Louis Johnson is one of those residents. The Louisville resident has ridden passenger trains in Europe, China and around the U.S. He is especially fond of an Amtrak trip he took between Seattle and Portland.
“It was far more pleasurable than driving and about even in expense,” he said. “And it was more convenient than flying. We were picked up and dropped off in the center of each city.
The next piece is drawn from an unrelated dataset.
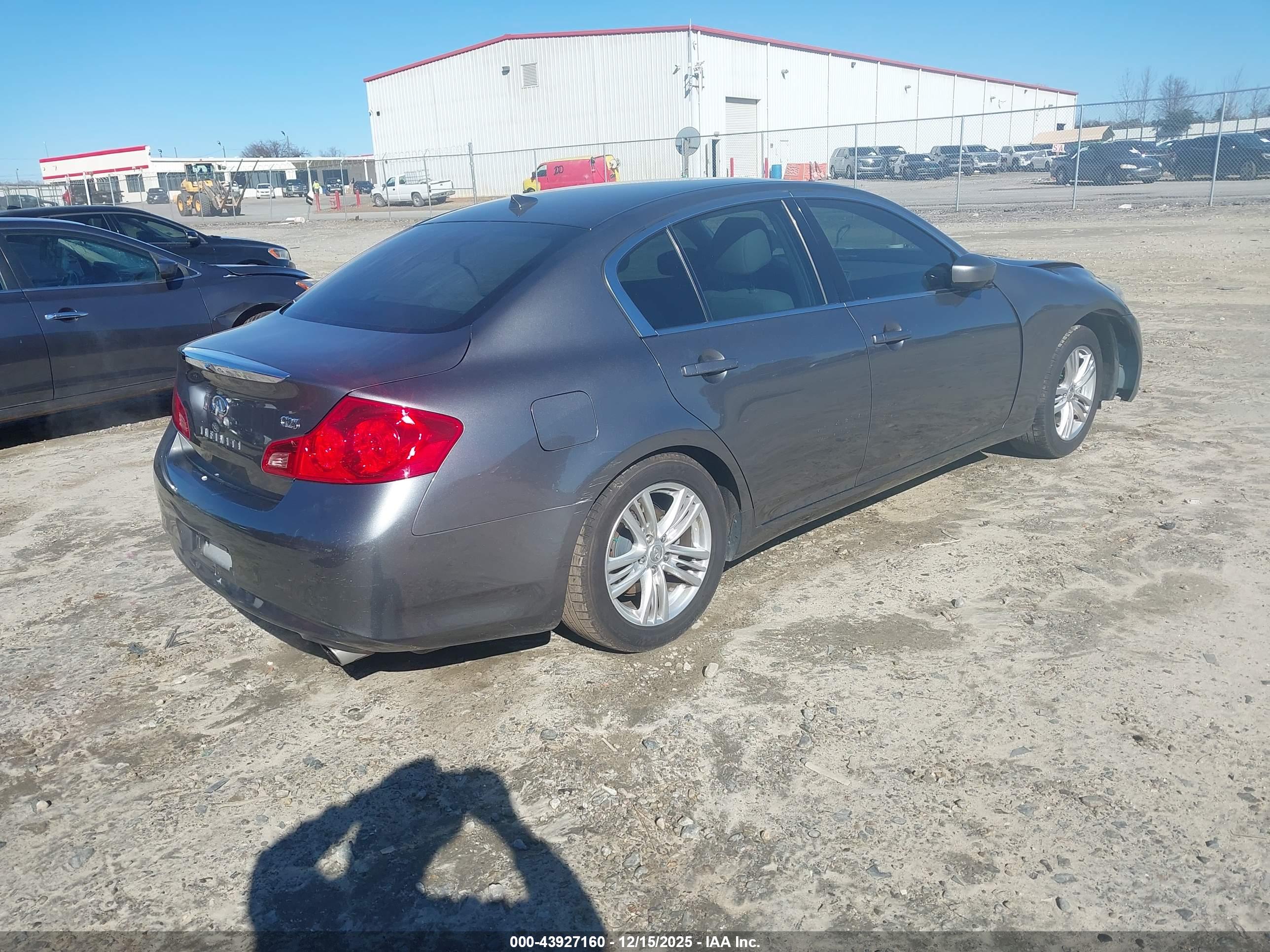 INFINITI G25 image 4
The train was fantastic, the views were incredible, and you could work, read or just watch the landscapes.”
As a frequent traveler he said he’d love to see Amtrak come to Louisville. “Being able to hop on a train and be in downtown Indy or Chicago would be incredible,” Johnson said.
And as an urban designer with an interest in public transit, he thinks increased rail travel would provide societal benefits.
“I think we need to offer many more ways for people to move around our cities and country,” he said. “Highways and roadway bridges are incredibly inefficient when compared to rail. We need to be creative with how we create more capacity for people to move. Regional trains like Amtrak are one incredibly efficient and sustainable way to do that.”
Despite his own love for rail travel, Owen remains somewhat skeptical about Amtrak’s proposal to come back to Louisville. He feels burnt by the way Amtrak abruptly left the city in 2003, after the city invested nearly $400,000 to bring passenger service back to Union Station.
“What happened with Amtrak in Louisville was a terrible situation,” Owen said. Service on the Kentucky Cardinal line was canceled in 2003, less than two years after it began, with Amtrak citing a lack of ridership. But as the Associated Press reported at the time, it was hardly a desirable ride. At the end of its run, the train left Louisville at 9:20 p.m. and arrived in Indianapolis at 2:30 a.m., traveling 30 miles per hour along the way. There was also no sleeper car and no food service.
This time around, Owen's primary concern is over Amtrak’s proposed new route plan, which would establish service between Nashville and Atlanta. But just like the last time Amtrak came to Louisville, it would not link the city to Nashville.
"Chicago to Nashville would be one hell of a market," Owen said. “What Amtrak is proposing this time around is just as blind as last time."